While this is just a snapshot of tenure statistics, it’s important to note that a new generation entered the workforce during the end of this period—one with drastically different ideas about employment. Millennials, often stereotyped as job hoppers, are the least likely of any generation to stay with an employer for a significant amount of time. In the 2016 Deloitte Millennial Survey, which collected responses from nearly 7,700 college-educated, full-time workers born after 1982, 66 percent of millennials said they expected to leave their current employers at some point within the next 5 years.

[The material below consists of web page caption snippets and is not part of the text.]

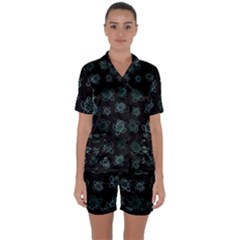 Blue Turtles On Black Satin Short Sleeve Pajamas Set by contemporary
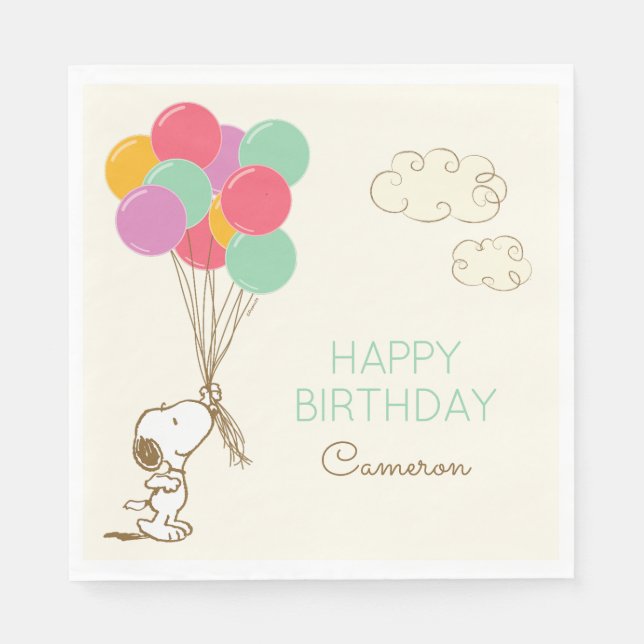 Snoopy and Balloons Birthday Napkins (Front)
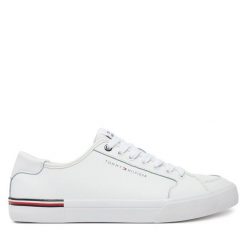 Tenisówki Tommy Hilfiger. Białe trampki męskie Tommy Hilfiger, bez wzorów, bez zapięcia. Za 219.99 zł.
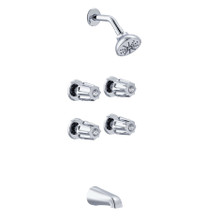 Gerber G074643083 Classics Four Metal Fluted Handle Tub & Shower Fitting 1.75gpm - Chrome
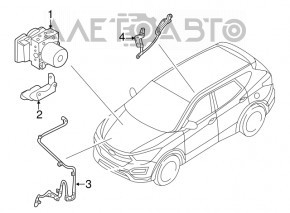 ABS АБС Hyundai Santa FE Sport 17-18 рест, без адаптива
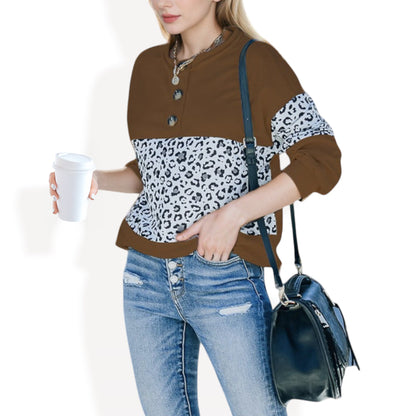 Anna-Kaci Women's Leopard Print Pullover Sweatshirt with Long Sleeves and Ribbed Cuffs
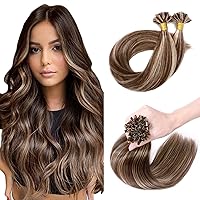Hairro U Tip Hair Extensions Human Hair 16 Inch Medium Brown Highlighted Honey Blonde Pre Bonded Keratin Fusion Nail Utip Real Remy Human Hair Extension For Women 50 Strands 50G/Pack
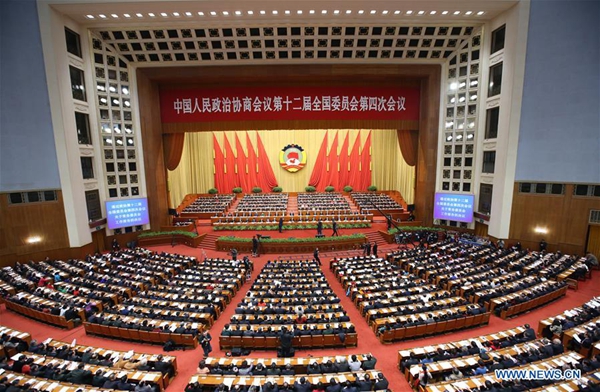 The closing meeting of the fourth session of the 12th National Committee of the Chinese People's Political Consultative Conference is held at the Great Hall of the People in Beijing, capital of China, March 14, 2016. (Xinhua/Pang Xinglei)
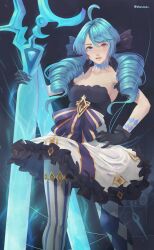 1girl absurdres ahoge artist_name asymmetrical_legwear black_bow black_dress black_gloves blue_eyes blue_hair bow breasts collarbone detached_sleeves dress drill_hair feet_out_of_frame frilled_dress frills gloves gwen_(league_of_legends) hair_bow hand_on_own_hip hand_up heterochromia highres holding holding_scissors large_breasts league_of_legends long_hair looking_at_viewer mismatched_legwear oversized_object parted_lips plaid_thighhighs red_eyes redsteak scissors solo strapless strapless_dress striped_clothes striped_thighhighs teeth thighhighs twin_drills twintails white_dress rating:Sensitive score:3 user:danbooru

This figure wouldn’t be very significant if millennials weren’t a large part of the labor force. However, as Pew Research Center announced, this generation surpassed Gen X as the largest working group in 2015. As older workers retire and millennials’ share of the job market increases, their attitude toward job tenure will have a greater effect on a company’s employee retention efforts, and it stands to reason that average turnover rates will likely increase. Given that the Work Institute estimated that costs of replacing an employee range from $4,000 per individual to 1.5 times that person’s salary, the financial implications of low tenure and high turnover can be staggering.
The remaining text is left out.